About fairseq wav2vec2 extractor #43

xieyuankun · 2022-11-14T03:24:29Z

hello, i have a problem about wav2vec2 feature extrcator.
i use your code class SSLModel(torch_nn.Module) to extract wav2vec2 feature and get error
Traceback (most recent call last): File "/home/xieyuankun/asvspoof2019_wav2vec2_fairseq/preprocess.py", line 274, in <module> w2vmodel = SSLModel('/home/xieyuankun/data/wav2vec_big_960h.pt', 1024) File "/home/xieyuankun/asvspoof2019_wav2vec2_fairseq/preprocess.py", line 228, in __init__ md, _, _ = fq.checkpoint_utils.load_model_ensemble_and_task([mpath]) File "/home/xieyuankun/miniconda3/lib/python3.9/site-packages/fairseq/checkpoint_utils.py", line 473, in load_model_ensemble_and_task model = task.build_model(cfg.model, from_checkpoint=True) File "/home/xieyuankun/miniconda3/lib/python3.9/site-packages/fairseq/tasks/audio_pretraining.py", line 197, in build_model model = super().build_model(model_cfg, from_checkpoint) File "/home/xieyuankun/miniconda3/lib/python3.9/site-packages/fairseq/tasks/fairseq_task.py", line 338, in build_model model = models.build_model(cfg, self, from_checkpoint) File "/home/xieyuankun/miniconda3/lib/python3.9/site-packages/fairseq/models/__init__.py", line 106, in build_model return model.build_model(cfg, task) File "/home/xieyuankun/miniconda3/lib/python3.9/site-packages/fairseq/models/wav2vec/wav2vec2_asr.py", line 208, in build_model w2v_encoder = Wav2VecEncoder(cfg, len(task.target_dictionary)) TypeError: object of type 'NoneType' has no len()
it seems like a problem from fairseq fq.checkpoint_utils.load_model_ensemble_and_task([mpath]) which didn't recognize the task: Wav2VecEncoder(cfg, len(task.target_dictionary))
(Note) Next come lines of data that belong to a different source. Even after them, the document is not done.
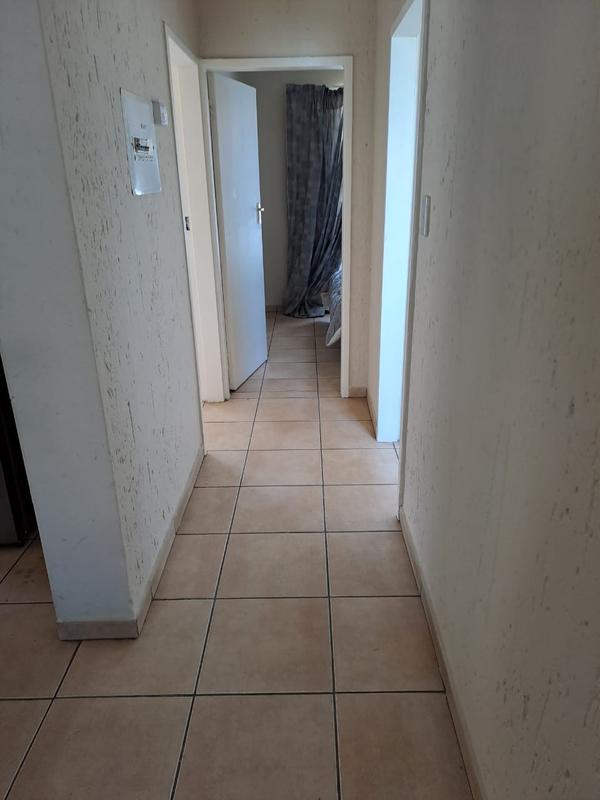 2 Bedroom Property for Sale in Ormonde Gauteng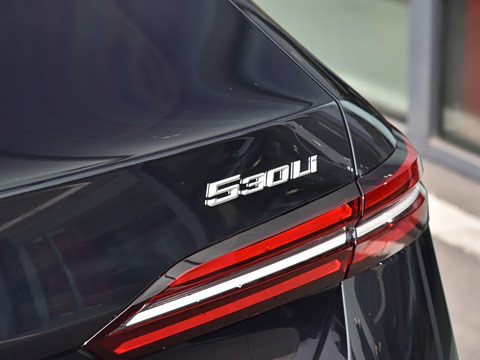 2026�� �Ŀ� 530Li ������ M�˶���װ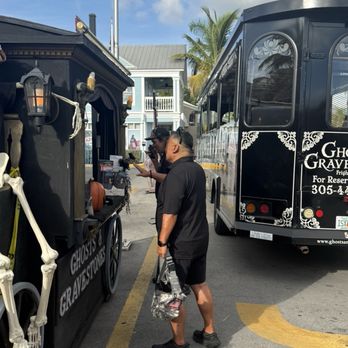 Old Town Trolley Tours Key West - Jerk Operator - Tours Near Me - Key West, Florida Old Town Trolley Tours Key West - Jerk Operator - Tours Near Me - Key West, Florida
The text was updated successfully, but these errors were encountered:

TonyWangX · 2022-11-14T06:26:30Z

Hi @xieyuankun

Sorry for the inconvenience.
I use the Fairseq code from their github, not from the fairseq in pip.
Fairseq github code has been updated regularly. I need to use a specific commit from that github.

To make the life easier, please run this script to install the conda environment.
It will install fairseq and other dependency.
https://github.com/nii-yamagishilab/project-NN-Pytorch-scripts/blob/master/env-fs-install.sh

# make sure other conda envs are not loaded
bash env-fs-install.sh

# load
conda activate fairseq-pip2

This is written in https://github.com/nii-yamagishilab/project-NN-Pytorch-scripts#python-environment

You can also follow the script and install fairseq manually.
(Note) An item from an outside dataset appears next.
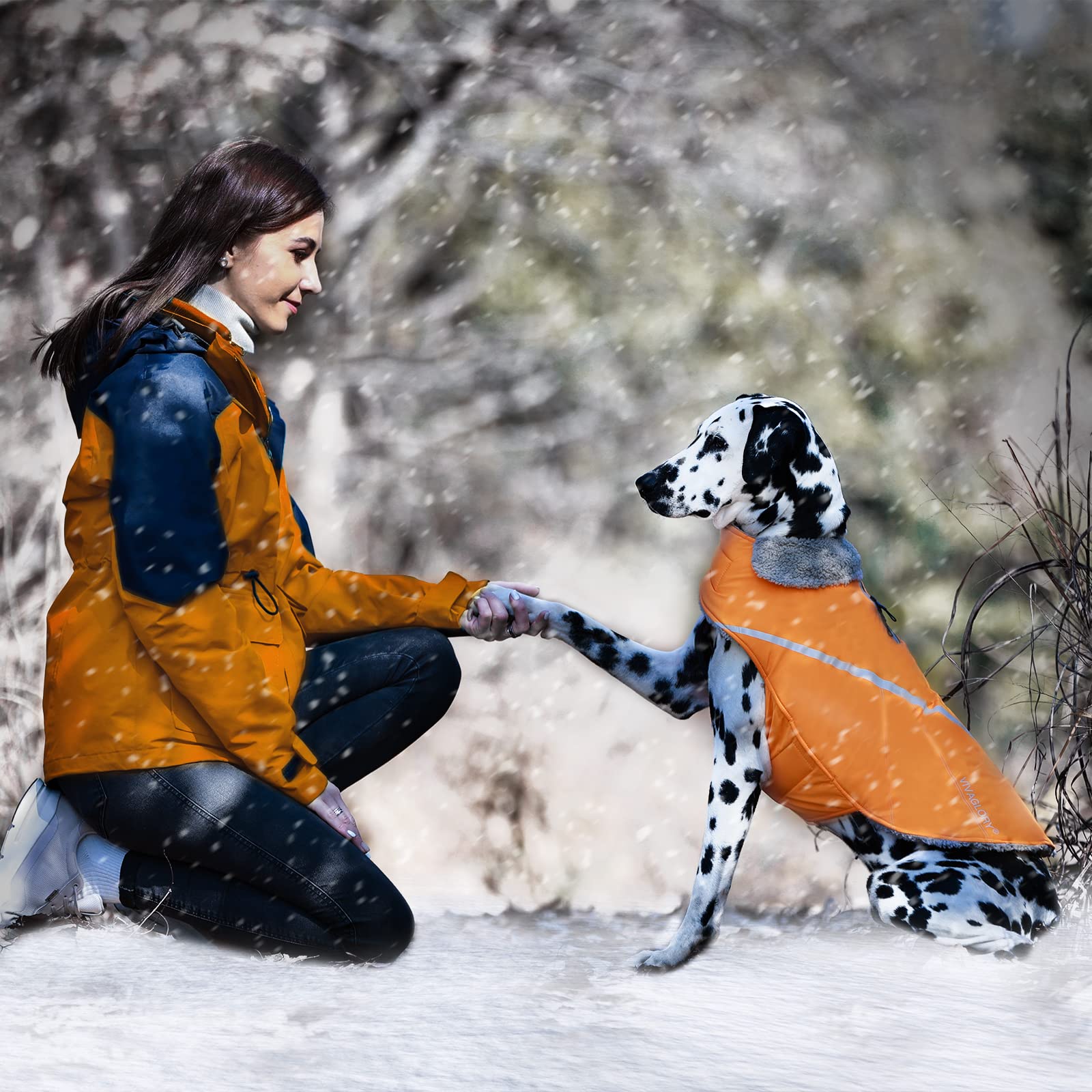 VIVAGLORY Snowrap water-repellent shell keeps outerwear dry in light rain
xieyuankun · 2022-11-14T10:31:55Z

Thanks for you quick reply @TonyWangX
Unfortunately, I just use the previous version of fairseq from your env-fs-install.sh and get the same error.
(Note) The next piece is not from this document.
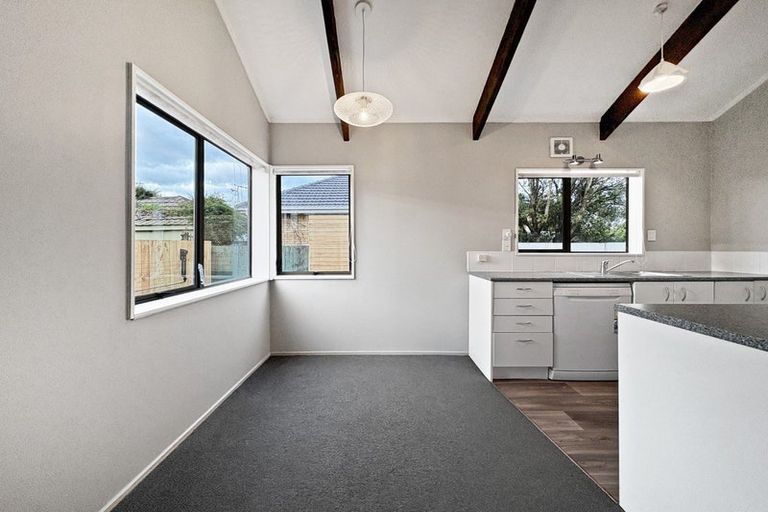 Photo of property in 65a Vardon Road, St Andrews, Hamilton, 3200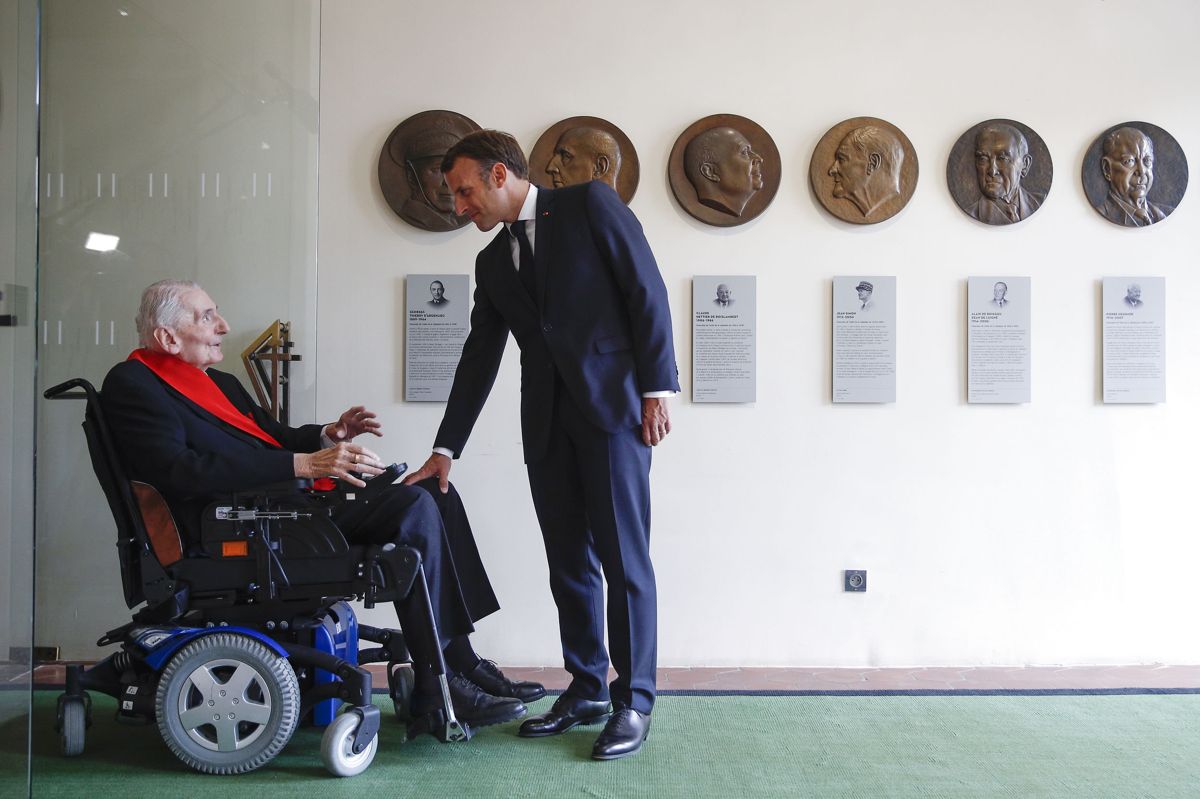 Hubert Germain (tv) ses under et møde med Frankrigs præsident, Emmanuel Macron, i juni 2020.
File "preprocess.py", line 274, in
w2vmodel = SSLModel('/home/xieyuankun/data/wav2vec_big_960h.pt', 1024)
File "preprocess.py", line 228, in init
md, _, _ = checkpoint_utils.load_model_ensemble_and_task([mpath])
"/home/xieyuankun/asvspoof2019_wav2vec2_fairseq/fairseq/checkpoint_utils.py", line 457, in load_model_ensemble_and_task
model = task.build_model(cfg.model)
"/home/xieyuankun/asvspoof2019_wav2vec2_fairseq/fairseq/tasks/audio_pretraining.py", line 198, in build_model
model = super().build_model(model_cfg)
"/home/xieyuankun/asvspoof2019_wav2vec2_fairseq/fairseq/tasks/fairseq_task.py", line 320, in build_model
model = models.build_model(cfg, self)
"/home/xieyuankun/asvspoof2019_wav2vec2_fairseq/fairseq/models/init.py", line 107, in build_model
return model.build_model(cfg, task)
"/home/xieyuankun/asvspoof2019_wav2vec2_fairseq/fairseq/models/wav2vec/wav2vec2_asr.py", line 176, in build_model
w2v_encoder = Wav2VecEncoder(cfg, len(task.target_dictionary))
TypeError: object of type 'NoneType' has no len()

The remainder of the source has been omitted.